De pronto, el lector se descubre bajo la misma hipnosis que Benito, maravillado con las formas de nombrar, con el movimiento y la vida de ese pantano, pero también paralizado por los peligros del clima y horrorizado por el sometimiento de humanos deshumanizados.

El personaje desconocía la sofisticación de la esclavitud con que se encontró: antes de esos años ignoraba la existencia de Commodities agents encargados de cerrar tratos y lavar la mugre del negocio “de manos”. Porque comerciaban “manos”, pertinente sinécdoque ante la apariencia que debía prevalecer. En ese país no corrían los tiempos de antes; la esclavitud y los látigos habían sido sustituidos por refinadas formas, que igual mantenían el sistema lacerante y rentable, pero bajo camuflaje. (Faltaban algunos años para la guerra de Secesión.)

Las historias, constatamos, son las de siempre. Cambian nombres, actores y climas, pero el pie sobre el cogote de unos sobre otros, la esterilidad de algunos respecto del resto, es la de costumbre: “–No sabíamos ver de lejos; no les vimos los colmillos hasta que ya nos estaban mordiendo. Igual que ustedes. ¿Ustedes ya aprendieron?”. ¿Acaso aprendimos?

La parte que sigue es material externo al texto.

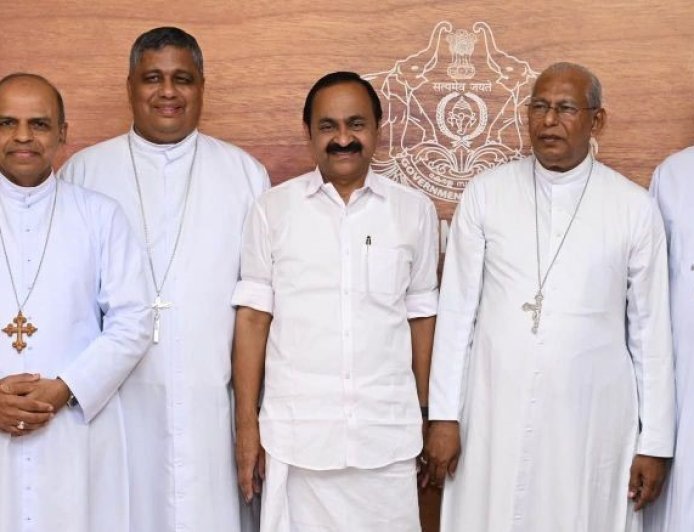 സീറോമലബാർസഭ പ്രതിനിധി സംഘം മുഖ്യമന്ത്രിയെ സന്ദർശിച്ചു.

Entre 1853 y 1855, el Benito liberal que la Historia de México conoció después como presidente tiene sus primeras revelaciones: la necesidad de la gente de “algo propio”, de tierra, y la igualdad ante la ley, “terrible […] sin fueros ni excepciones”.

 

2) Dejar tierra y parentela, por el motivo que sea, obliga al encuentro con el Otro; a descubrir y sorprenderse, soportar y ceder ante formas disímiles y, en ocasiones, despreciables; a callar y esperar, discernir y aprender, a veces a imitar; invita a la observación, el análisis, la paciencia y la prudencia.

 

3) Sin importar la época, ¿qué tan distintas son las historias de migrantes?, ¿cuánto varían los motivos para emprender el trayecto?

En su ensayo Los niños perdidos, Valeria Luiselli consigna el cuestionario de admisión para menores de edad indocumentados que cruzan solos la frontera norte de México; la pregunta número uno es “¿por qué viniste a los Estados Unidos?”. Desde las primeras páginas, apenas baja del paquebote, al Benito de Herrera le plantean variantes de esa misma pregunta, porque en el fondo siempre se cuestiona el afán de estar ahí. Más de siglo y medio antes que los niños de Luiselli, pero rondando los cincuenta años de edad, Benito contestaba de corrido, aunque sin mayores certezas que los menores.

Lo que encuentra una vez en este territorio es un crisol de experiencias donde va a tientas, conociendo el pestilente pantano que a alguien se le ocurrió habitar, topándose con esa gente extraña, blanca, blanqueada, Creole, creole (porque hay diferencia), libre de color, esclavo de plantación, esclavo de ciudad –imposible evitar pensar en las mezclas de castas en la Nueva España: mestizo, castizo, zambo, mulato, morisco, coyote, cholo–, en la que sin distinción encuentra un férreo pulso por conservarse con vida. Porque a eso se reduce la existencia, a sobrevivir aun a costa de otros.

A Herrera, al narrador y al personaje –en ese orden y en sus diferentes planos–, no se les escapan los detalles ni se les desvanecen los contornos, al contrario, perciben y comunican el humor de la ciudad y su gente, y el desafío que los excesos de ambas representan para el resto del país narrado. Después el lector hará su parte, leerá la historia a contrapelo, atará (o desatará) los cabos necesarios. Mientras tanto, Herrera sigue el rastro de las palabras, alcanza su tesitura habitual y deslumbra, aunque sea a expensas de nuestras miserias.